For Christ's sake, accept the BBC as about the only social glue we have left - assuming you're British, of course - and happily pay the fee.

And if you're still not convinced, ask yourself this: what would ITV or - heaven forfend, Heart FM - be like without the measure of BBC competition? And if you can't bring yourself to comtemplate that, imagine what the world would be like if the only IT website in the world were this one. I suspect even Jon Lettice would baulk at that.

NASA: no fix needed for shuttle

Mark

Historical basis

I'm constantly surprised that anyone thinks NASA should be surprised by this kind of damage.

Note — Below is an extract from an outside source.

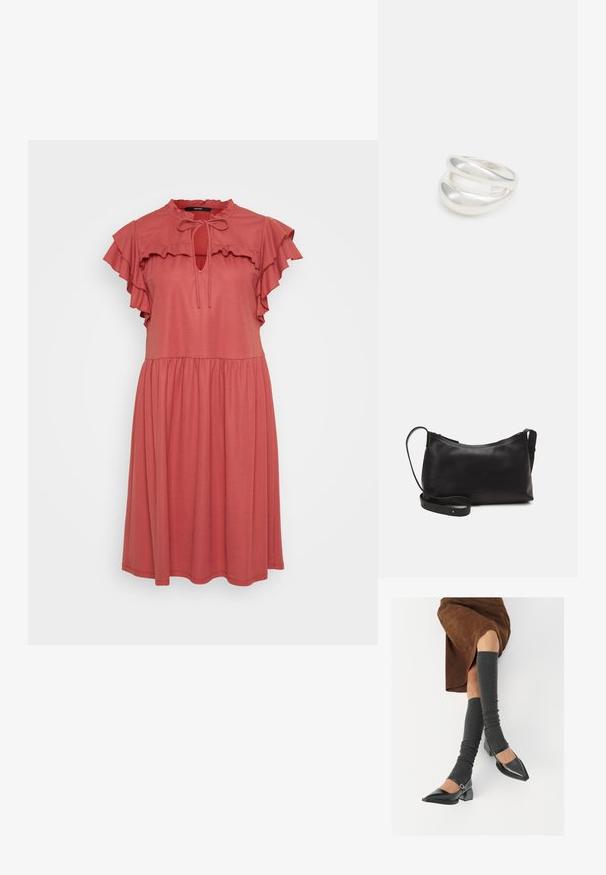 Korallivärvi kleit, mis on valmistatud pehmest kangast, millel on frillidega lühikesed varrukad, sidumine kaela ümber ja lõdva, voolava siluett.; Mustad patsaline odav värviga kingad, millel on kreen ja pahkluuring, on paaritatud hallide ribakudumitega sääremiidega ja pruunist nahast seelikuga.; Mustmust nahk õlakotil on sile tekstuur, kumer kuju, reguleeritav rihm ja lukuga sulgemine. Minimalistlik disain ilma kaunistusteta.; Hõbedane kahekordne rõngas sujuva, poleeritud pinnaga. Omab voolavat, kõverat disaini, millel on kattuvad sektsioonid, et saavutada kaasaegne ilme.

It's not as if the 2001 incident was caused by the first ever foam strike. This was in New Scientist magazine the week after Columbia was lost:

"DURING Columbia's lift-off from the Kennedy Space Center launch pad, debris from the huge external fuel tank was seen falling off and striking the fragile thermal protection tiles on the underside of the craft. While the shuttle was in orbit, teams of engineers scrambled to analyse the launch video, and turned cameras on military spy satellites to photograph the shuttle's underside and assess the damage. Others analysed its potential effects, with inconclusive results.

Sounds familiar? The landing came two days later, on 14 April 1981. During the shuttle's fiery re-entry into Earth's atmosphere, observers on the ground and the astronauts themselves were hoping and praying for the best, but fearing the worst. It was the maiden voyage of the space shuttle, and it returned to Earth safely. When its commander, John Young - NASA's most experienced astronaut, who had walked on the Moon and is the very epitome of the fearless, gruff, reserved American with the "right stuff" - stepped out of the orbiter, he was smiling exuberantly. He trotted down the steps, and after exchanging a few greetings headed back under the shuttle and spent a long time gazing up at its shiny, black-tiled surface. He looked surprised to be alive."

(From a great article at the NS website).

They'll have plenty of historic evidence to compare this tear to, even if they don't want to go public on it. I imagine there are plenty of NASA ground crew with hair-raising tales about damage found to the craft upon post-landing inspection.

I'd also expect that if they lost another craft, that's it, game over. No more shuttles will fly - and since that's the main reason for NASA to keep going right now, you'd hope they'd take it seriously.

They'll never get rid of the foam-strike problem - it's inherent in a design where the orbiter is carried below the tank. Every mission until retirement will face the "repair or not repair" question. They were "lucky" it took as many as 100-odd missions for the problem to become catastrophic.